(Materials provided):

= Beginning of Section =

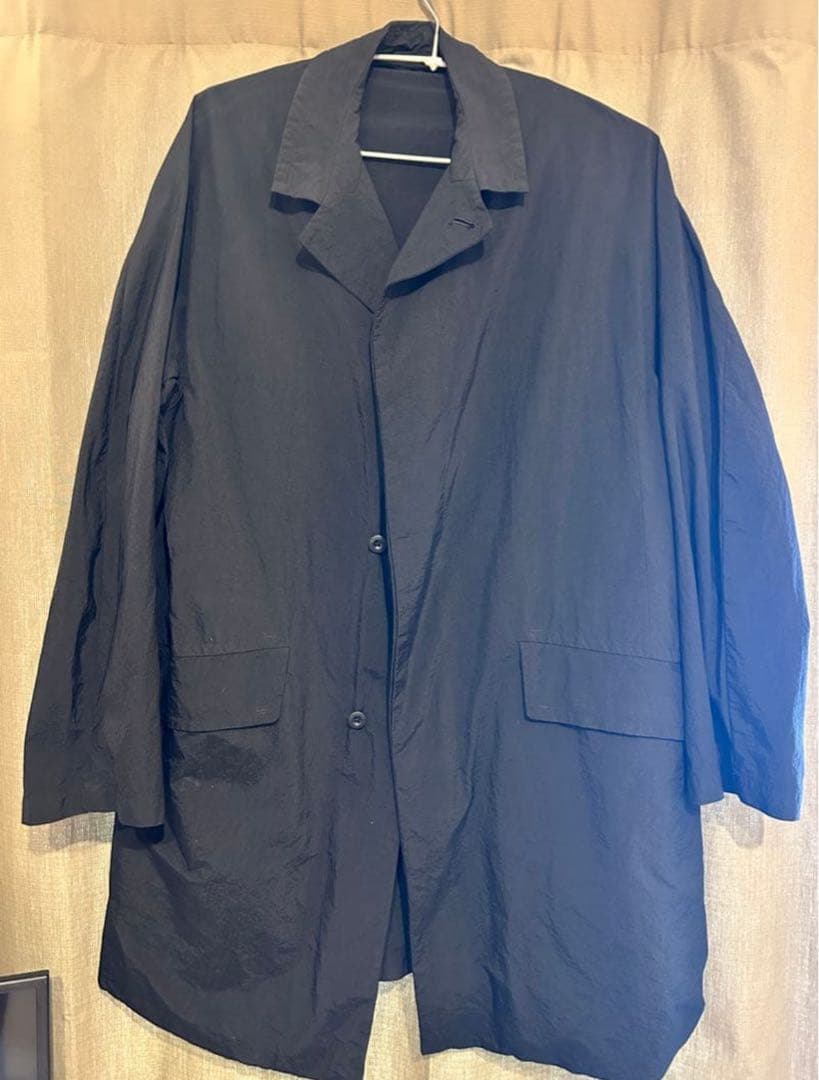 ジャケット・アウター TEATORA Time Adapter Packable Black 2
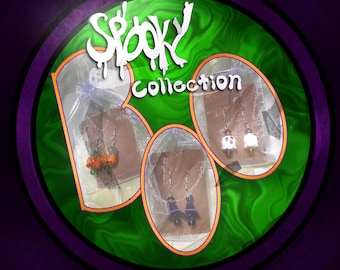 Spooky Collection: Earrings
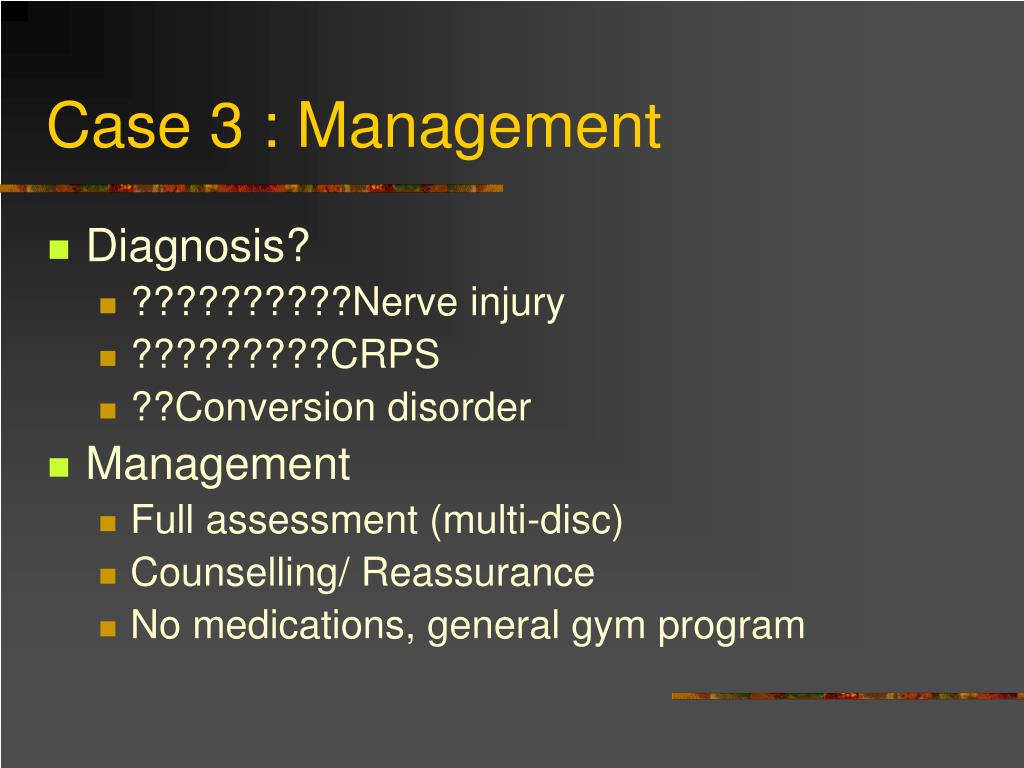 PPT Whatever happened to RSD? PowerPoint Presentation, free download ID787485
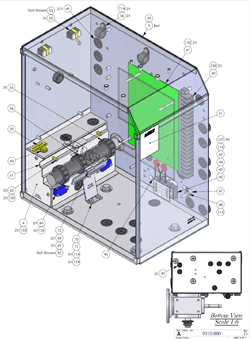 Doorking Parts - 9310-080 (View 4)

= End of Section =
= Beginning of Section =

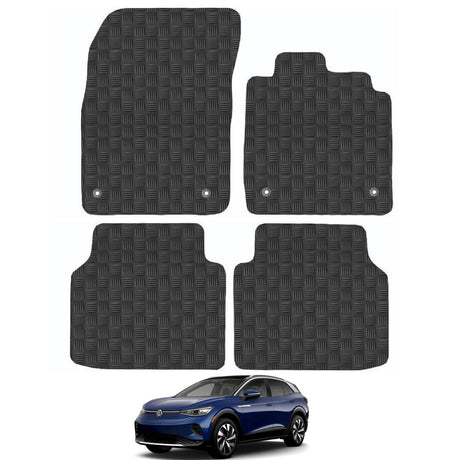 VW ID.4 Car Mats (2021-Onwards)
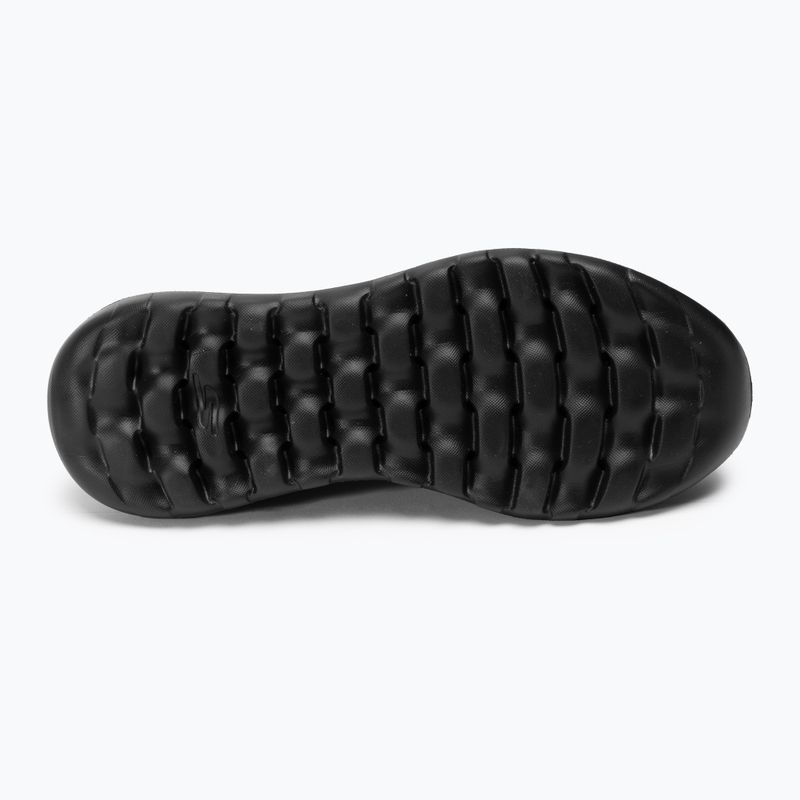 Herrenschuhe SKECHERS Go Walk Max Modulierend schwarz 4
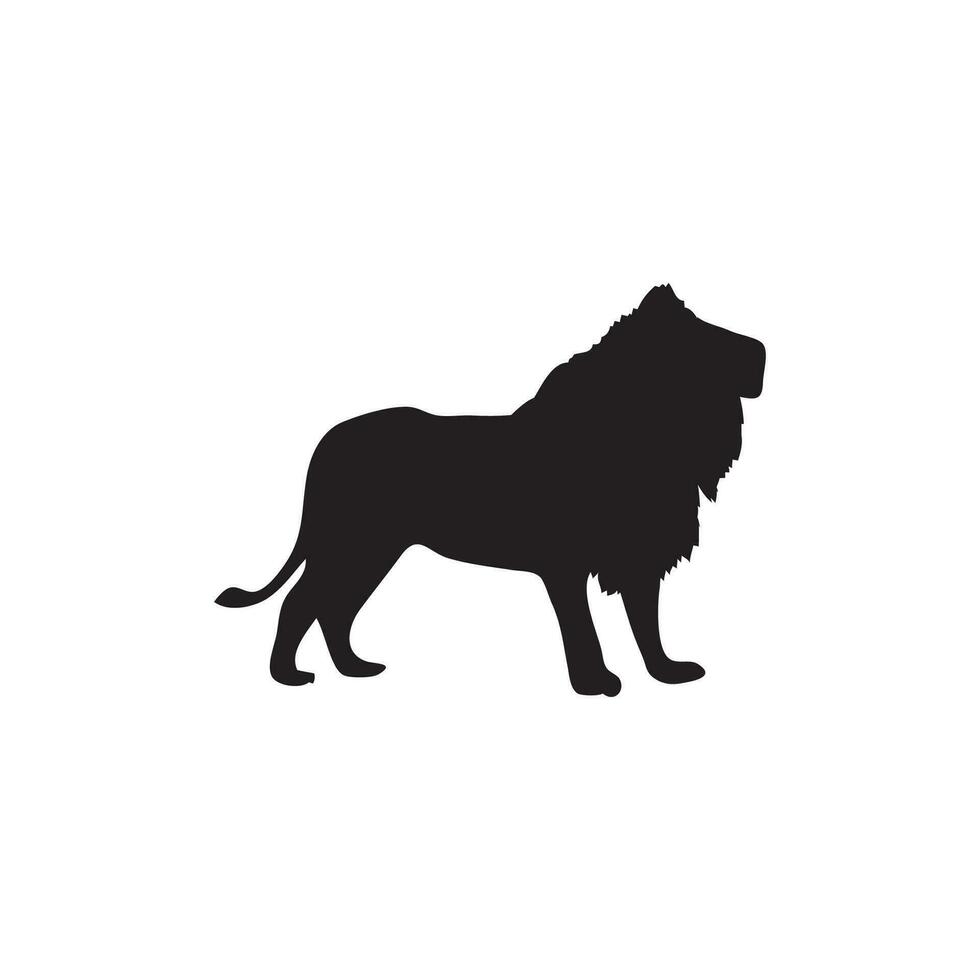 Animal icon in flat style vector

= End of Section =
= Beginning of Section =

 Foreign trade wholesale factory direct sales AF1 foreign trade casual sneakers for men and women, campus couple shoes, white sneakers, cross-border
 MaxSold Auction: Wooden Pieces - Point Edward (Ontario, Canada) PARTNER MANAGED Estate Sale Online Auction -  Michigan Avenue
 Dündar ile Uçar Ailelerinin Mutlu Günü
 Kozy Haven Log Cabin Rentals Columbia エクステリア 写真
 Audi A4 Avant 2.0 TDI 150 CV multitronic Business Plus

= End of Section =

(The problem): In the material above, locate the line containing "MaxSold Auction: Wooden" and the line containing "Audi A4 Avant". Transcribe exactly those two lines and every line between them, and nothing more.

(Finished exercise):
 MaxSold Auction: Wooden Pieces - Point Edward (Ontario, Canada) PARTNER MANAGED Estate Sale Online Auction -  Michigan Avenue
 Dündar ile Uçar Ailelerinin Mutlu Günü
 Kozy Haven Log Cabin Rentals Columbia エクステリア 写真
 Audi A4 Avant 2.0 TDI 150 CV multitronic Business Plus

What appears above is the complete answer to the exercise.